Decoding Driver Takeover Behaviour in Conditional Automation with Immersive Virtual Reality
URL: http://arxiv.org/abs/2402.16046v1
archive: archived pipeline: cataloged verified
Abstract
The safe transition from conditional automation to manual driving control is significantly intertwined with the vehicle's lateral and longitudinal dynamics. The transition may occur as a result of a system-initiated mandatory takeover (MTOR) or as a driver-initiated discretionary takeover (DTOR). In either condition, the takeover process entails differing cognitive demands and may affect the driving behaviour differently. This study analyzes driving stability and perceived mental workload in 304 takeover attempts recorded from 104 participants within virtual and immersive reality environments.
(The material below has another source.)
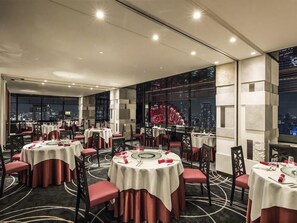 3 restaurantes, é servido café da manhã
Adopting an exploratory approach, this dynamic simulator study employs a mixed factorial design. Utilizing a deep neural network-based survival analysis with SHAP interpretability, the study investigated the influence of covariates on perception-reaction time (PRT), distinguishing between safe and unsafe control transition and offering insights into the temporal dynamics of these shifts. The distributions of key parameters in experimental groups were analyzed and factors influencing the perceived mental workload were estimated using multivariate linear regression. The findings indicate a notable decrease in the risk of unsafe takeovers (described by a longer PRT) when drivers have prior control-transition experience and familiarity with Automated Vehicles (AVs). However, driver's prior familiarity and experience with AVs only decreased the perceived mental workload associated with DTOR, with an insignificant impact on the cognitive demand of MTOR. Furthermore, multitasking during automated driving significantly elevated the cognitive demand linked to DTOR and led to longer PRT in MTOR situations.
Summary
Ansar and Farooq analyzed 304 takeover attempts from 104 participants in an immersive VR driving simulator to compare mandatory (system-initiated, MTOR) and discretionary (driver-initiated, DTOR) control transitions in conditional automation. They used a deep-neural-network survival model with SHAP interpretability to estimate covariate effects on perception-reaction time (PRT) and a multivariate linear regression for perceived mental workload. Prior AV familiarity and takeover experience reduced unsafe-takeover risk and lowered DTOR workload but did not affect MTOR workload; multitasking during automation increased DTOR cognitive demand and lengthened MTOR PRTs. The authors argue DTOR has been understudied relative to MTOR despite distinct cognitive profiles.
Key finding
Driver-initiated (discretionary) takeovers carry different cognitive and reaction-time profiles than system-initiated mandatory takeovers, and prior AV experience reduces unsafe-takeover risk and DTOR workload but not MTOR workload.
Methodology
Mixed factorial driving-simulator study using virtual immersive reality and digital twins, with 104 participants completing 304 takeover events split between mandatory (MTOR) and discretionary (DTOR) conditions. Deep neural network survival analysis with SHAP interpretability modeled perception-reaction time as a function of kinematic, stability, perceptual, attitudinal, demographic, and environmental covariates; multivariate linear regression estimated perceived mental workload.